Is there a verbose debug mode in which BeautifulSoup will tell me what it is doing, so I can figure out what it is treating as the tag name in this case?
推荐答案
您的问题一定是别的东西;它工作正常,我:
Your problem must be something else; it works fine for me:
In [1]: import BeautifulSoup
In [2]: c = """<HTML>
...: <HEAD>
...: <TITLE>Title</TITLE>
...: <HTTP-EQUIV="PRAGMA" CONTENT="NO-CACHE">
...: </HEAD>
...: <BODY>
...: ...
...: ...
...: </BODY>
...: </HTML>
...: """
In [3]: print BeautifulSoup.BeautifulSoup(c).prettify()
<html>
<head>
<title>
Title
</title>
<http-equiv>
</http-equiv>
</head>
<body>
...
...
</body>
</html>
In [4]:
这是Python的2.5.2与BeautifulSoup 3.0.7a - 也许这是中老年/新版本有什么不同?这正是那种汤BeautifulSoup的处理如此美妙,所以我怀疑它在某个时候被改变......有没有结构别的东西,你有没有在问题中提到?
This is Python 2.5.2 with BeautifulSoup 3.0.7a — maybe it's different in older/newer versions?

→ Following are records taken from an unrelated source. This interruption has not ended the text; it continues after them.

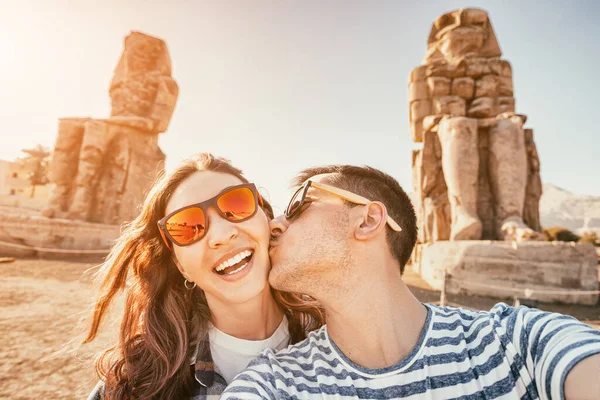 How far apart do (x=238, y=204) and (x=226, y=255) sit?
276mm

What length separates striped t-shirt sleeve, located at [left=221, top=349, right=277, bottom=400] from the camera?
3.44 ft

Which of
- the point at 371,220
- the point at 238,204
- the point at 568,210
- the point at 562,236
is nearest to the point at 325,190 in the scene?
the point at 371,220

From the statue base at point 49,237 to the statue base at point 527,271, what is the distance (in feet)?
32.5

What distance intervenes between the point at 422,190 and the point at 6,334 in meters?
7.68

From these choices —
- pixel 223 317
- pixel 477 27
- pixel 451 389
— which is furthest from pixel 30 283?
pixel 477 27

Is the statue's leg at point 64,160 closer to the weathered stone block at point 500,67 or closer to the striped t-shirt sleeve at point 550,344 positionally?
the weathered stone block at point 500,67

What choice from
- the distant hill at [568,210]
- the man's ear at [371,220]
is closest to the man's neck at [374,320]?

This is exactly the kind of soup BeautifulSoup handles so beautifully, so I doubt it's been changed at some point… Is there something else to the structure that you haven't mentioned in the problem?
这篇关于BeautifulSoup 3.1解析器符太容易的文章就介绍到这了,希望我们推荐的答案对大家有所帮助,也希望大家多多支持IT屋!